Search code examples
python-polarsrust-polars

Polars Join cleverly infer appropriate dtypes of join key?


In pl.join(), Is there any syntax sugar to "cleverly" cast the dtype of join cols. e.g. the higher granularity option or just take the dtypes from df1? could we add it as optional param to pl.join()?

e.g. int32 -> int64, datetime[ms] -> datetime[ns]

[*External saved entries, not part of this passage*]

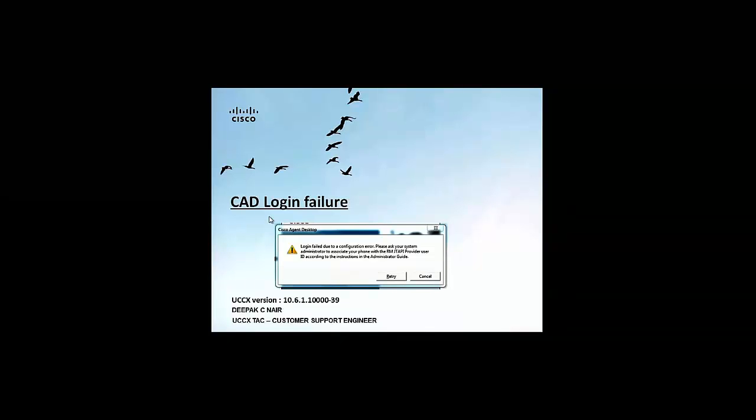Hi friends, this is Deepak Nayar from the Cisco UCCX Tag Team. I work as a customer support engineer in the UCCX Technical Assistance Center. This is a short tutorial on how to troubleshoot CAD login failures.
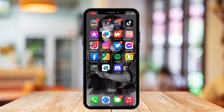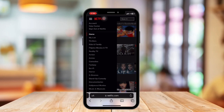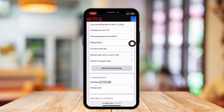So without further ado, let's get started. To answer the question, there is no way to change any of the payment information within your Netflix application. Go to your browser and search netflix.com, then log into your account and select the three horizontal lines in the top left corner. Once the menu opens, tap Account, scroll down and look for Change Billing Day.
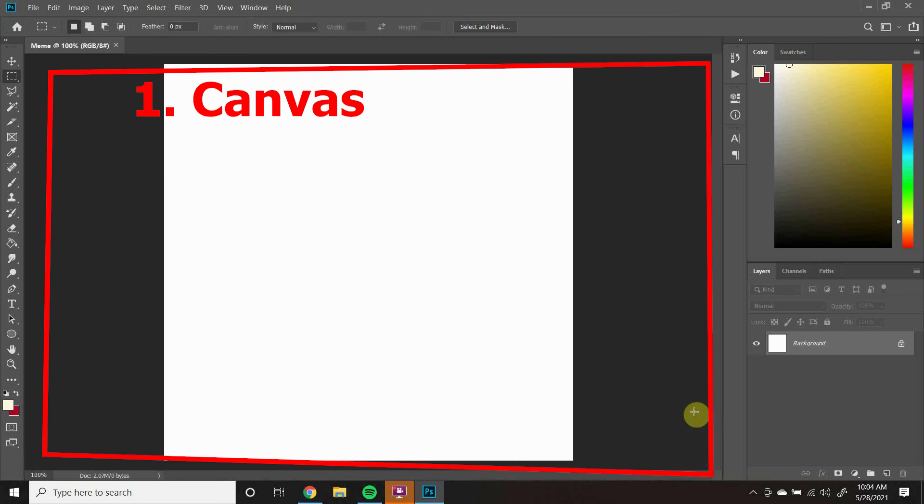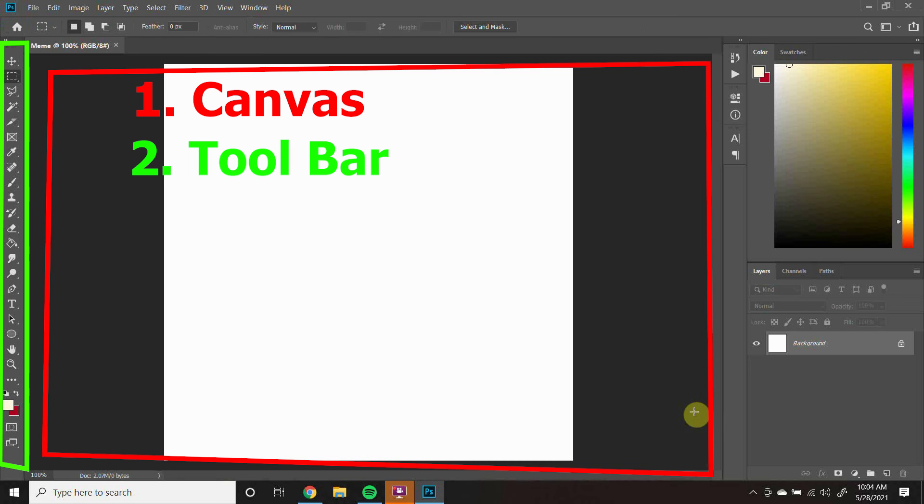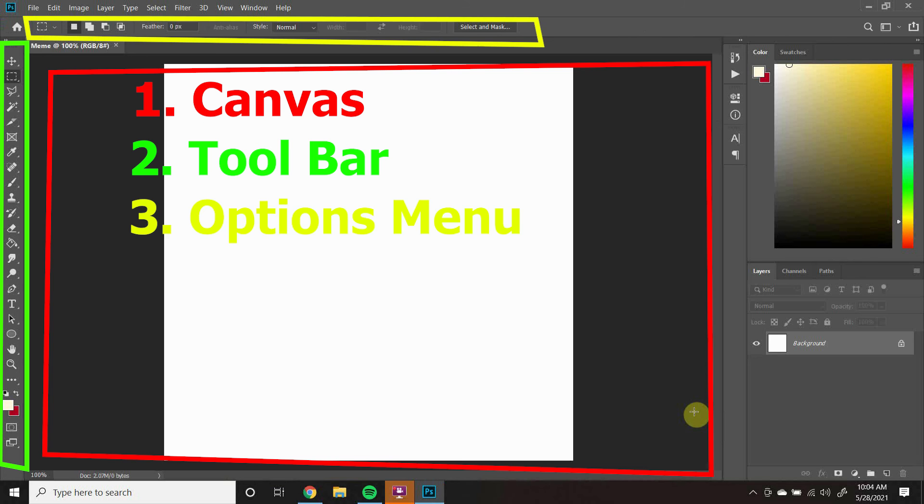To the left is the toolbar where there is a variety of tools you can use. When you have a tool selected, you can change its properties using the options menu.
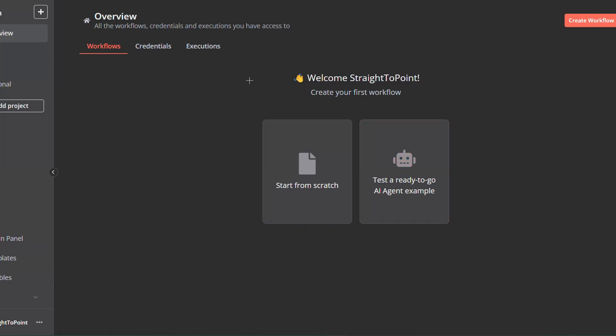First of all, you have to start a workflow. Click on Start from Scratch or navigate to the workflow you already created.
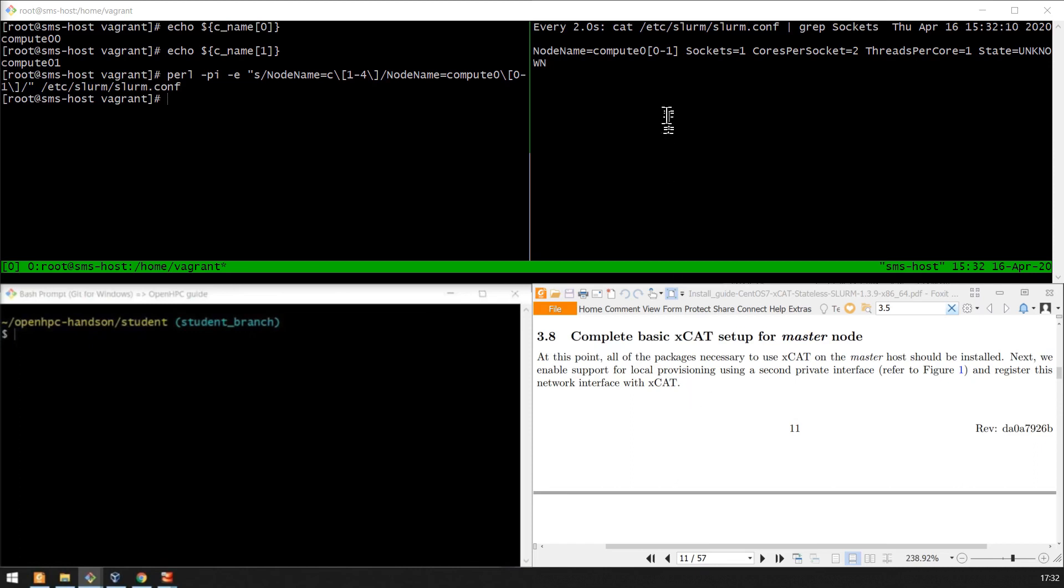Having completed the update of the SLURM configuration file to match our compute nodes, we can now complete the basic XGAT setup for the master node.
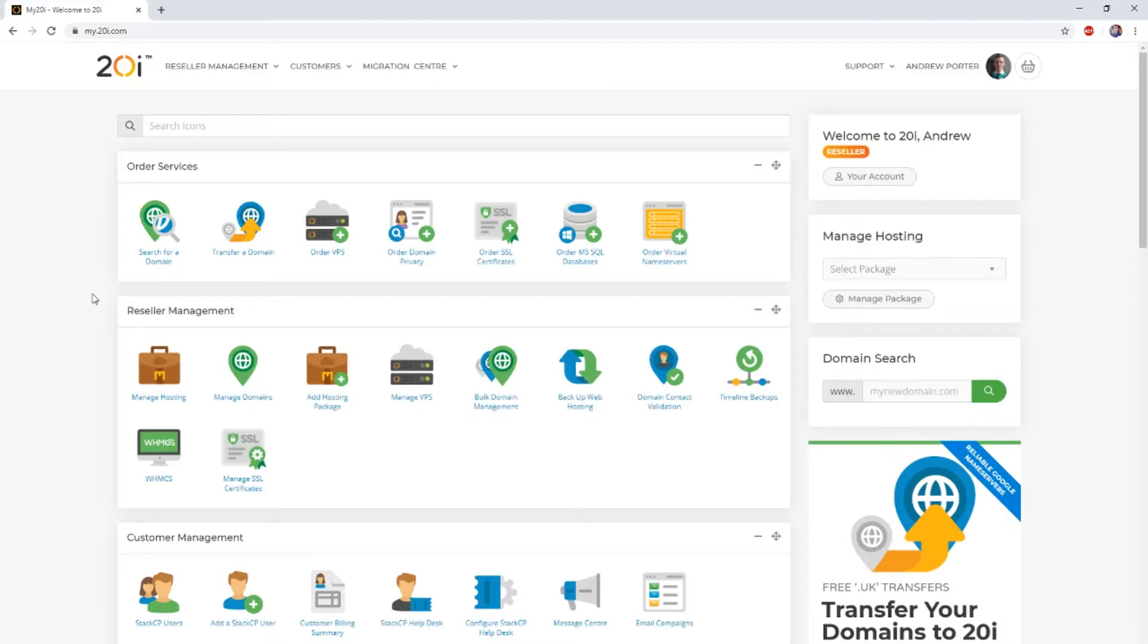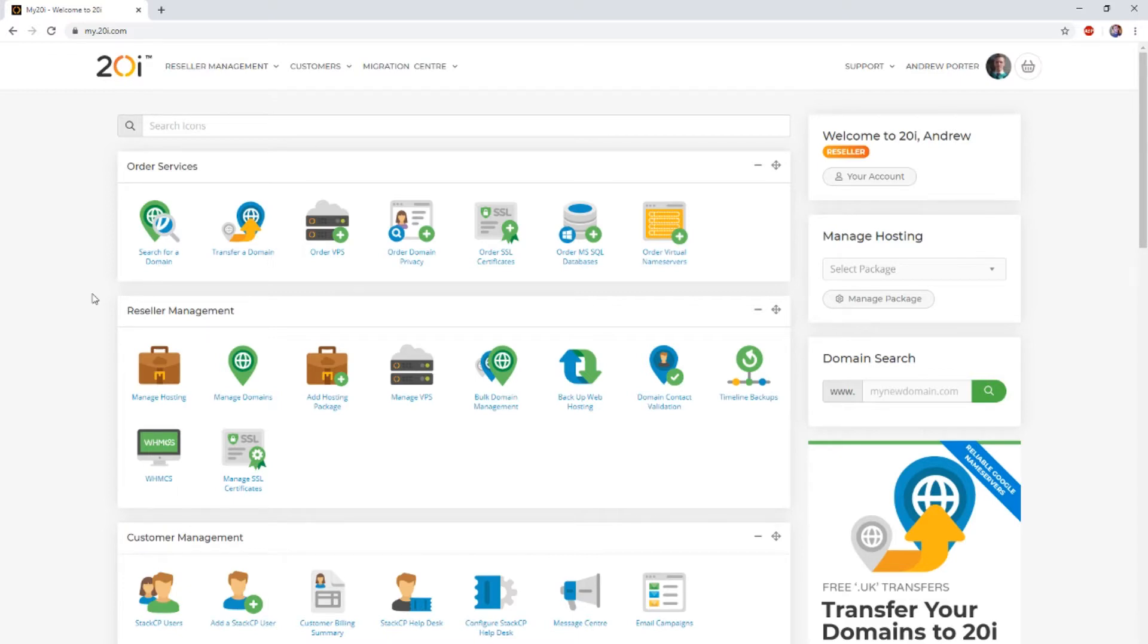Thanks to the in-house team here at 20i, you can migrate WordPress sites automatically via FTP using our migration center. Our migration center will copy over both the site files and the database the site uses, all at the click of a button.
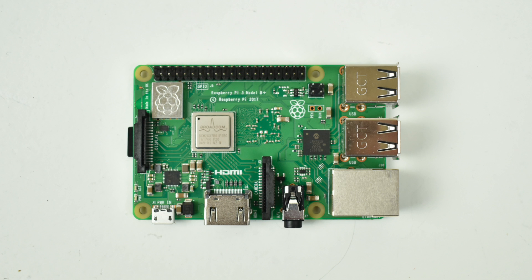What's going on guys? It's ETA Prime back here again. Today I finally got my hands on a Raspberry Pi 3B+. The guys over at the Pi shop in Delaware actually overnighted me one and I'm really thankful for that.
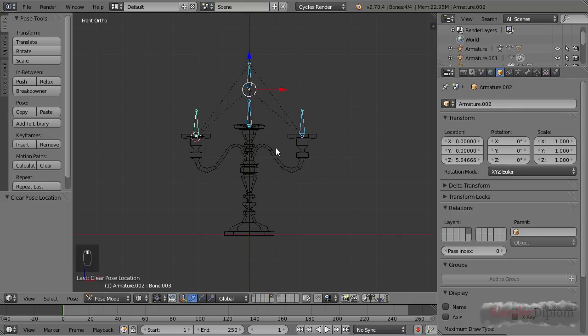That's it about the Laplacian deform modifier. My name is Frederik Steinmetz for blenderdiplom.com.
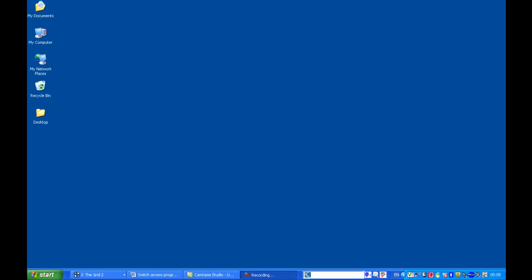My name is Sean Loughran from Enable Ireland National Assistive Technology Training Service. In this video I'm going to demonstrate a switch access program, which are applications that allow the user to access the computer by the use of switches.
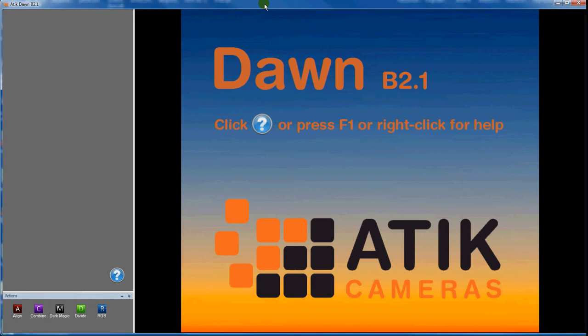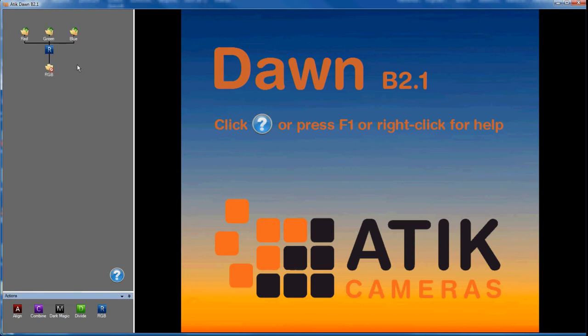In this video, I want to give a brief demo of how to use Dawn's RGB action. To keep things simple, I'll use a workflow consisting of just an RGB action, which I can do by dragging the RGB action icon from the workflow palette and dropping it in the workflow display area.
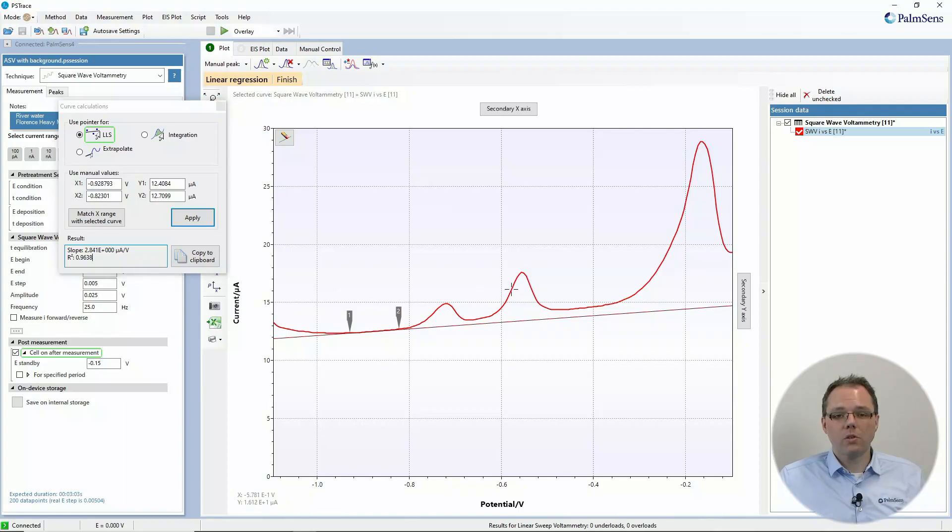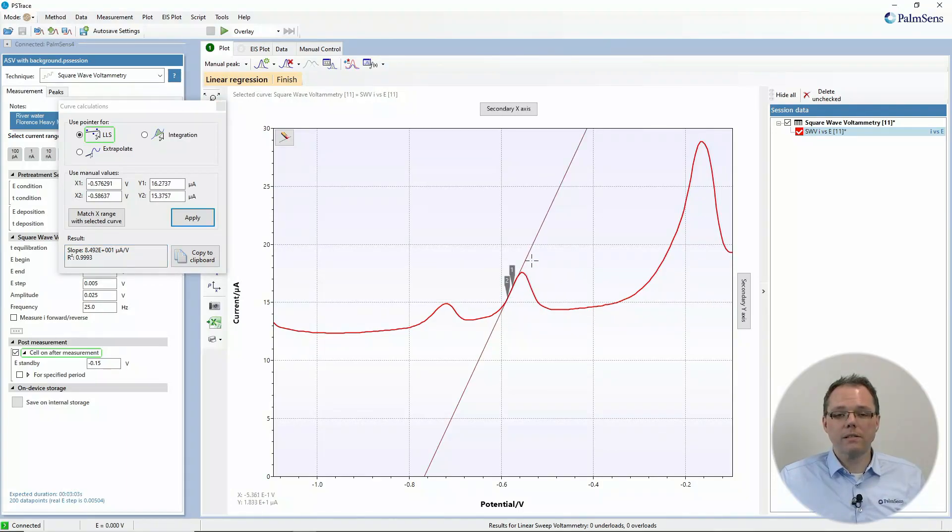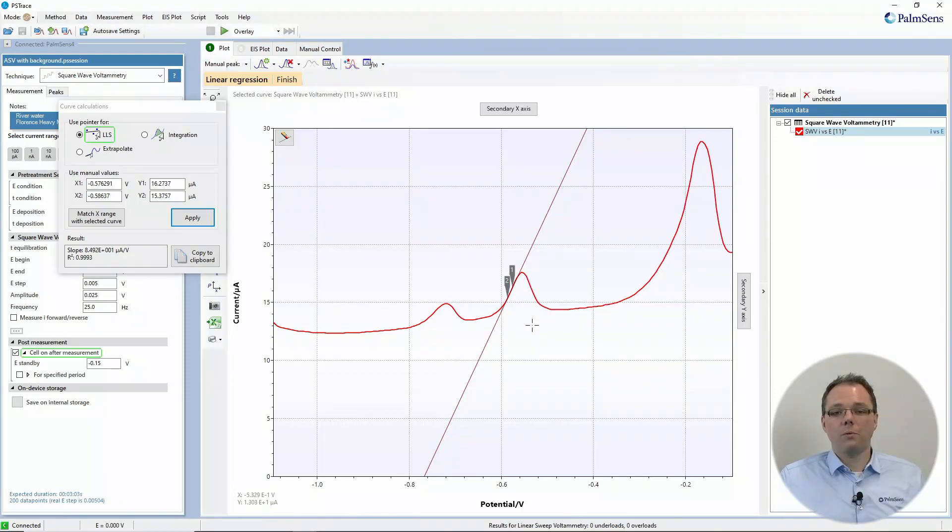And this you can use, for example, to determine slope parts, let's say at the side of your peak to find out how steep is your peak.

to avoid the dreaded: exceptions.ComputeError: datatypes of join keys don't match


Solution

  • You can make your own then monkey patch it to pl.DataFrame

    This is only handles floats and ints but you can build off of it and improve it. It has ample room for improvement

    def myjoin(self, 
            other: pl.DataFrame, 
            on: str | pl.Expr | None = None, 
            how: pl.type_aliases.JoinStrategy = 'inner', 
            left_on: str | pl.Expr | None = None, 
            right_on: str | pl.Expr | None = None, 
            suffix: str = '_right'):
        if left_on is None and right_on is None and on is not None:
            left_on=on
            right_on=on
        elif on is None and left_on is not None and right_on is not None:
            pass
            #should check for other consistency (len etc)
        else:
            raise ValueError("inconsistent right_on, left_on, on")
        if isinstance(left_on, str):
            left_on=[left_on]
        if isinstance(right_on, str):
            right_on=[right_on]
        for i, col in enumerate(left_on):
            if self.schema[col]!=other.schema[col]:
                if self.schema[col] in pl.datatypes.INTEGER_DTYPES and other.schema[col] in pl.datatypes.INTEGER_DTYPES:
                    self=self.with_columns(pl.col(col).cast(pl.Int64()))
                    other=other.with_columns(pl.col(right_on[i]).cast(pl.Int64()))
                elif self.schema[col] in pl.datatypes.FLOAT_DTYPES and other.schema[col] in pl.datatypes.FLOAT_DTYPES:
                    self=self.with_columns(pl.col(col).cast(pl.Float64()))
                    other=other.with_columns(pl.col(right_on[i]).cast(pl.Float64()))
                else:
                    raise ValueError("only floats and ints are upgraded, need to add TEMPORAL and other logic")
        return self.join(other, left_on=left_on, right_on=right_on, suffix=suffix, how=how)
    pl.DataFrame.myjoin=myjoin
    

    Then, if you have

    df=pl.DataFrame({'a':[1,2,3], 'b':[2,3,4]}).with_columns(a=pl.col('a').cast(pl.Int8()))
    df2=pl.DataFrame({'a':[1,2,3], 'c':[3,4,5]}).with_columns(a=pl.col('a').cast(pl.Int16()))
    

    You can do

    df.myjoin(df2, on='a')
    
    shape: (3, 3)
    ┌─────┬─────┬─────┐
    │ a   ┆ b   ┆ c   │
    │ --- ┆ --- ┆ --- │
    │ i64 ┆ i64 ┆ i64 │
    ╞═════╪═════╪═════╡
    │ 1   ┆ 2   ┆ 3   │
    │ 2   ┆ 3   ┆ 4   │
    │ 3   ┆ 4   ┆ 5   │
    └─────┴─────┴─────┘
    

    I only made it check for Floats and Ints and it just goes straight to the 64bit variety rather than trying to determine which one of the two needs casting and only casting that one. It also doesn't cast Ints to Floats but you could add that logic. It's probably better to make each of self and other lazy before the for loop that casts the join columns. I also didn't attempt the datetime conversions but it should just be tedium to add it at this point.